No, what I mean is, I’m giving up teaching writing.
This is a tough decision, because in the last few years, I’ve seen some really amazing things with my writing students and private instruction clients.
There have been people in my Legacy of Words classes that swore to me they couldn’t write a thing, and yet they hand me these pages full of lovely words that make me laugh or cry or sigh with contentment. I’ve had fiction writers whose eyes flare wide with that moment of recognition and epiphany, then come to me and tell me they finally figured out the ending to that story that’s been bothering them, or that they started a new novel and wrote seven chapters in one week.
So, I thought I was doing a good job. I thought my words, my encouragement, my excitement for the written word was spilling forth in ways that brought people along to their “next level.”
But I found out today: I’ve been doing it all wrong.
How do I know? I stumbled across a video titled, “How to Effortlessly Write the Perfect Short Story in One Hour.”
I’ve been ripping these students and clients off, apparently. I’m a charlatan. A scam artist. Because, I was working under the wrong set of assumptions. Here’s what I believed about writing fiction, which is contradictory to this new method:
Writing fiction is hard. The idea of “effortlessly” writing anything is foreign to me. Drafting is hard. Revision is hard.
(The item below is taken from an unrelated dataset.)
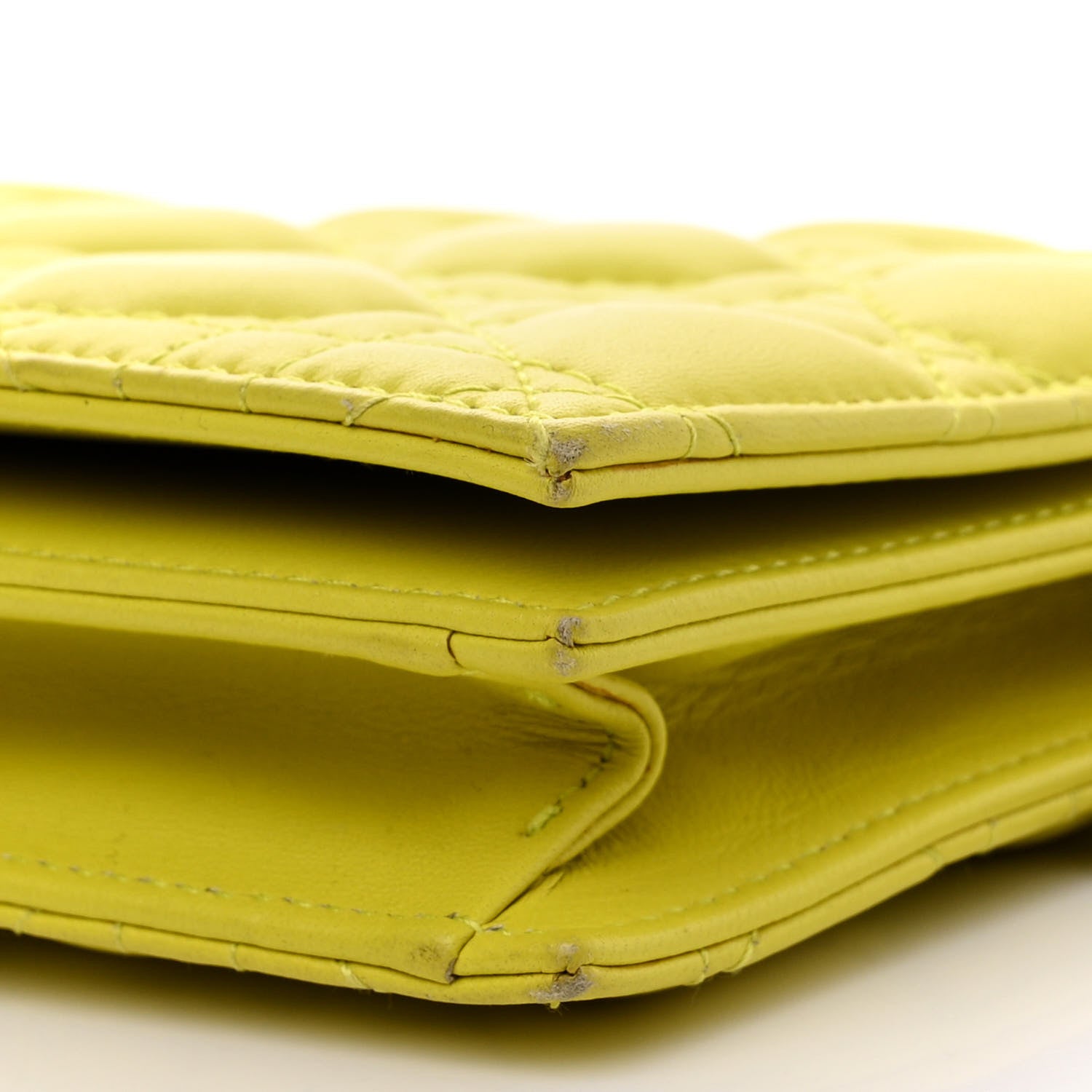 Christian Dior Lambskin Cannage Lady Dior Convertible Clutch Vert Acide 9 of 12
Getting feedback is hard, and knowing just what to do with the feedback is even harder. I don’t even make a shopping list effortlessly. Practice and evaluate and revise. Repeat. Repeat. That’s what it takes. If it was easy everyone would be doing it.
There is no perfect story, or novel. Naeem Murr is a great writer, and one of the best teachers I’ve ever had the joy of knowing. He told me, and I believed him, that there is no perfect work. That there is always something that could be done better. That even the best story will seem, to the writer, deficient a few years later, when he or she looks back at the piece and sees how the problems of the story would be tackled differently now. Which leads to…
Learning the craft of fiction is an ongoing, never-ending process. The best story you can write today is not the best story you can write. Next month, next year, in twenty years, this “best thing I’ve ever written” will seem a little stale, full of holes, naive, and clumsy. That’s because the more we write, the better we get, and the more we are capable of.
But all three of these assumptions are destroyed with a title like, “How to Effortlessly Write the Perfect Short Story in One Hour.” There is no effort needed. There is no growth in craft, because you can’t improve on perfection. You don’t need years of practice and learning and synthesizing knowledge: it only takes an hour to be set.
I hope this guy is charging at least $30,000 for this information. If he’s able to do in one hour what an MFA program only PREPARED me to do, then he deserves it.
My apologies to those of you from whom I’ve bilked money. I’m chopping my snake-oil wagon up for fire wood and shaving off my handlebar mustache and cutting my plaid-striped carnival barker’s suit into strips to be used as prayer flags for the yurt where I am planning to retire and write, effortlessly, one perfect story every day for the rest of my life. I may take the day off, occasionally, for holidays and such. There is no reason to over-burden the world with perfect stories.